Indonesian Sandal Case Fuels Juvenile Court Push
Ezra Sihite & Ulma Haryanto
The House of Representatives is pushing for the passage of Juvenile Court legislation after controversy created by the case of the sandal-stealing teenager.
Aboe Bakar Al Habsyi, a lawmaker from the House Commission III, which oversees legal issues, said the Juvenile Court bill would prevent children from being “jailed.”
“Children with legal problems should not be thrown in jail, but instead they should be put into a correction house, like a boarding school or special dorm,” he said.
In pushing for the legislation, Aboe Bakar cited the recent case of A.A.L., a 17-year-old boy from Palu, Central Sulawesi, accused of stealing a pair of sandals worth Rp 30,000 ($3.30) from a police officer. His parents alleged the police forced a confession from the boy by beating him before his case was sent to trial.
Even though the court found him guilty, A.A.L. was returned to his parents, and the police officer who accused him was sentenced to 21 days in detention, given a one-year delay on any prospect of promotion as well as a warning.
The essence of the bill, Aboe Bakar said, is restorative justice.
“So that the punishment for children does not simply provide a deterrent effect, but also an educational one,” he said.
The bill is still under discussion by Commission III and the Ministry of Women’s Empowerment and Child Protection.
But Maria Ulfa Anshor, the chairwoman of the Indonesian Commission for Child Protection (KPAI), said that to achieve a judicial system that prioritizes child’s protection, both the lawmakers and the government officials have to change their paradigms.
A restorative justice approach, she said, would prioritize mediation and rehabilitation over imprisonment.
“If possible, the KPAI suggests that children’s prisons be banished. Even though children may commit crimes, they are actually the victims themselves,” she said.
The bill, she said, can avoid cases like the sandal theft, or worse, deaths caused by police abuse or adult inmates.
“With delinquents, there is no trial necessary. Police have to be able to mediate, involving the parents so they take responsibility,” Maria said. “You also have to see the reason behind the crime: is it the family, environment, or education? A kid will not spontaneously commit a crime. There has to be a cumulative process that leads him to do it.”
KPAI estimates that more than 7,000 children could be behind bars nationwide and at least 200 of them are in adult prisons.

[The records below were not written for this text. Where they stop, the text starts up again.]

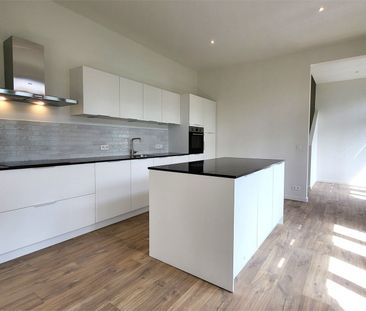 Volledig gerenoveerd appartement met 2 slaapkamers in het hart van ... - Photo 5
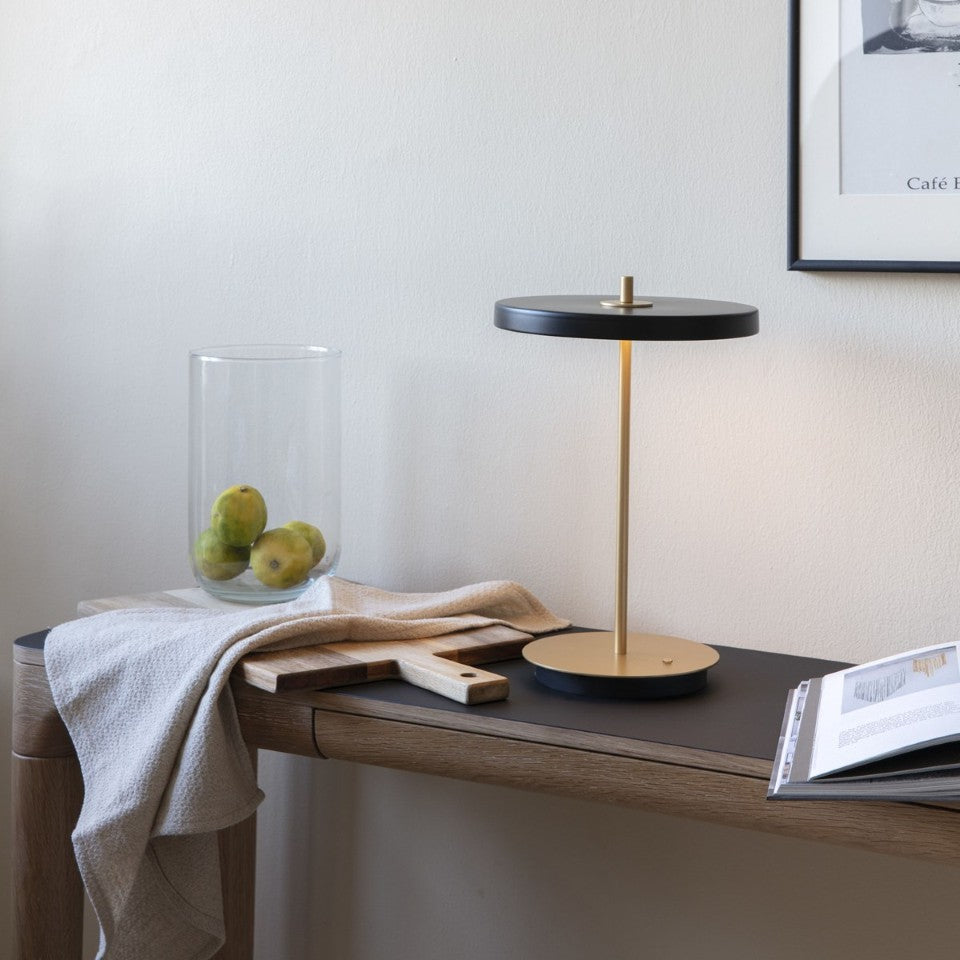 Asteria Move portable bordlampe, sort og messing • UMAGE - Copenhagenhomedesign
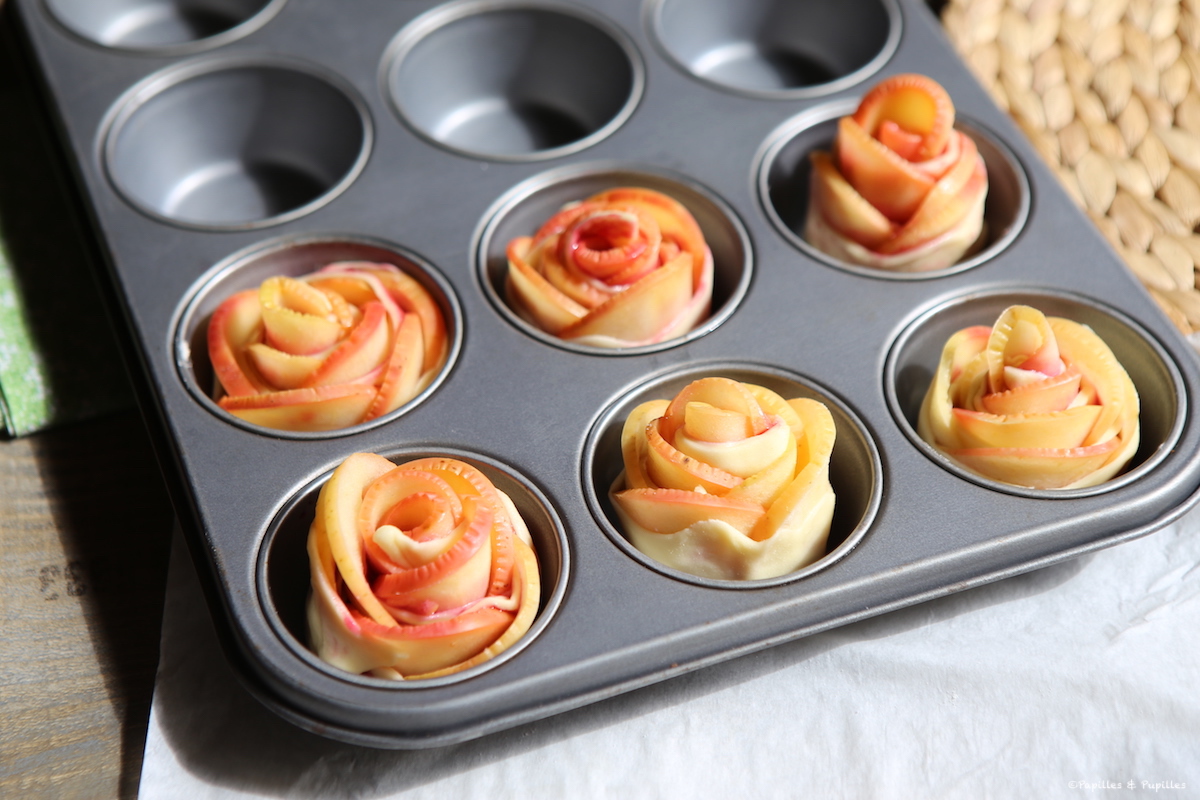 Les roses dans le moule à muffins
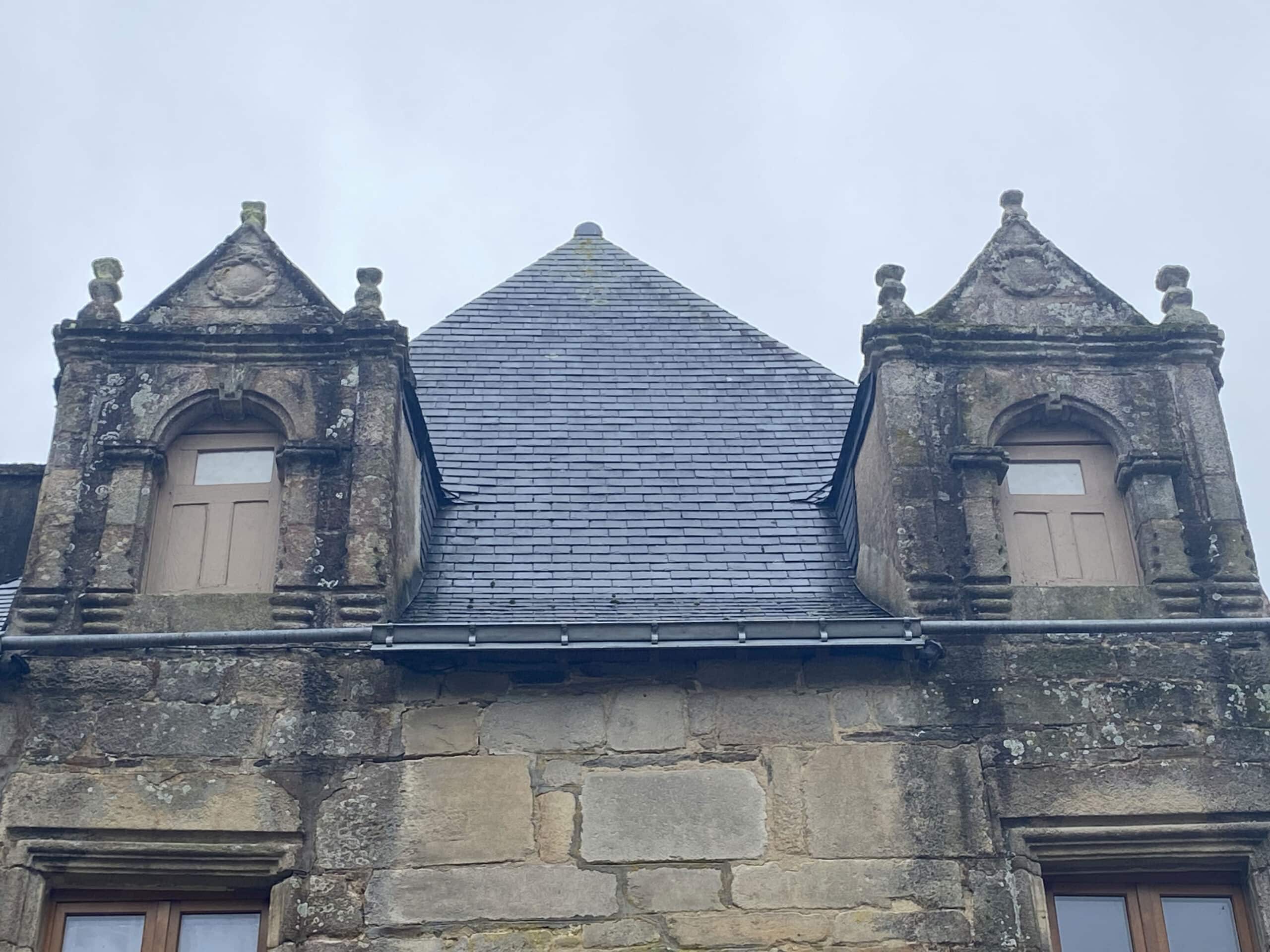 Deux pilastres entourent les lucarnes, maison n°21, Rue du Général de Gaulle, Malestroit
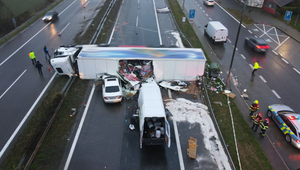 Na D1 pri Ilave zomrel vodič dodávky po náraze do prevráteného návesu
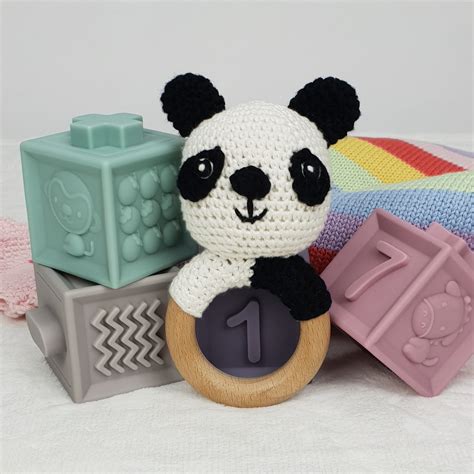 Baby Sensory Toy Collection In Monochrome – naturalbabybox.co.uk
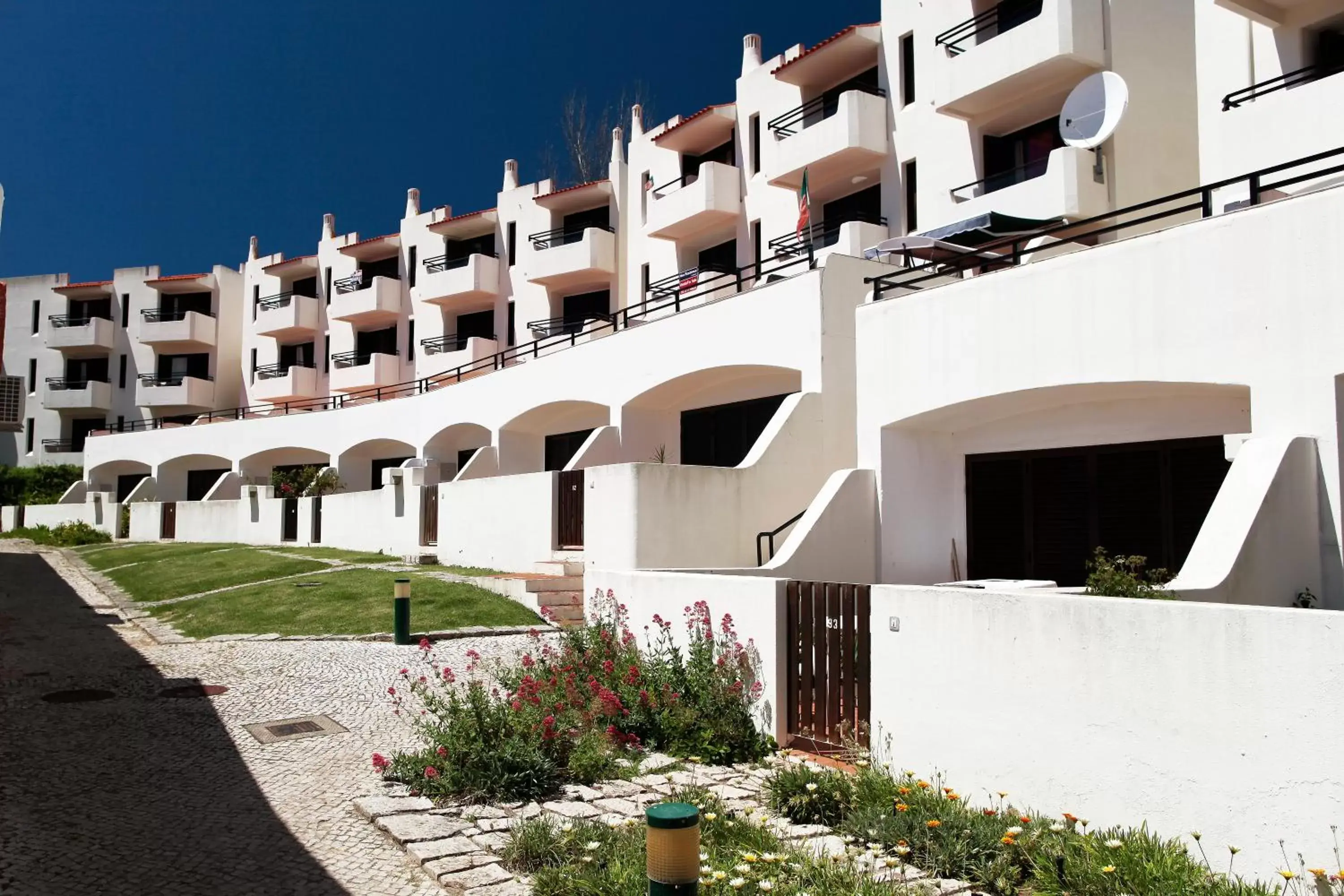 Facade/entrance, Property Building in Albufeira Jardim by Umbral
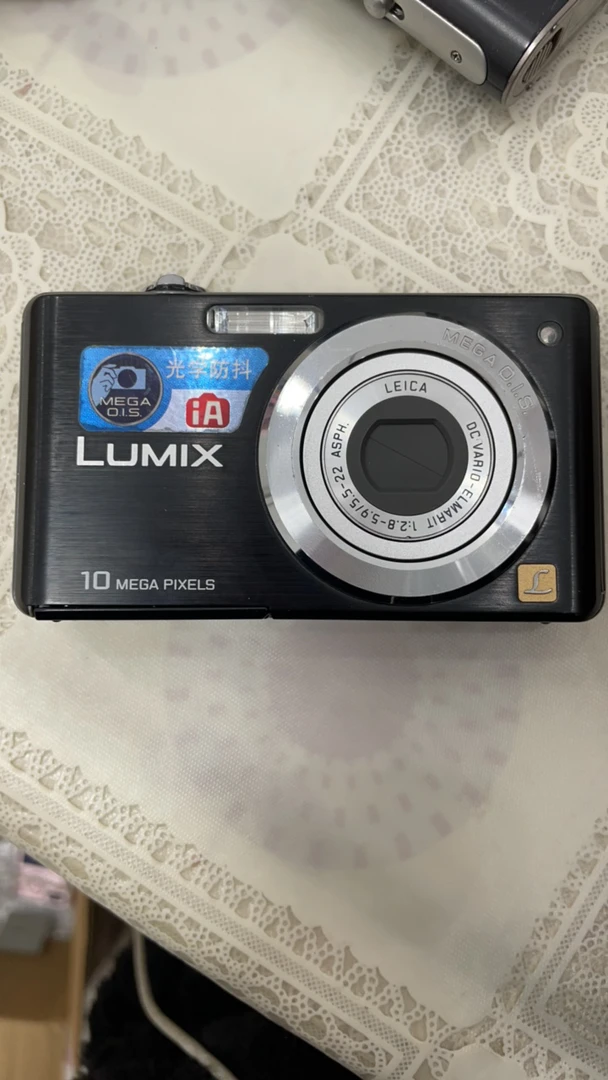 9新 Panasonic/松下 松下fs7 1000万像素 4倍光学变焦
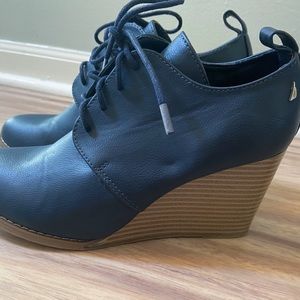 Nautical Navy Blue healed tie shoe 8.5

Indonesia does not have a justice system specifically designed to deal with young delinquents. Law enforcers often take a punitive approach.
If found guilty, juveniles are to be placed in special correctional facilities for children, the law states. A lack of space at these facilities means that often does not occur, and juveniles under police investigation are detained with adult suspects.
The bill would replace the 1997 Juvenile Offenders Law and usher in a new set of regulations compliant with the UN Convention on the Rights of the Child.
In 2010, the president called for reforms in the treatment of juvenile delinquents.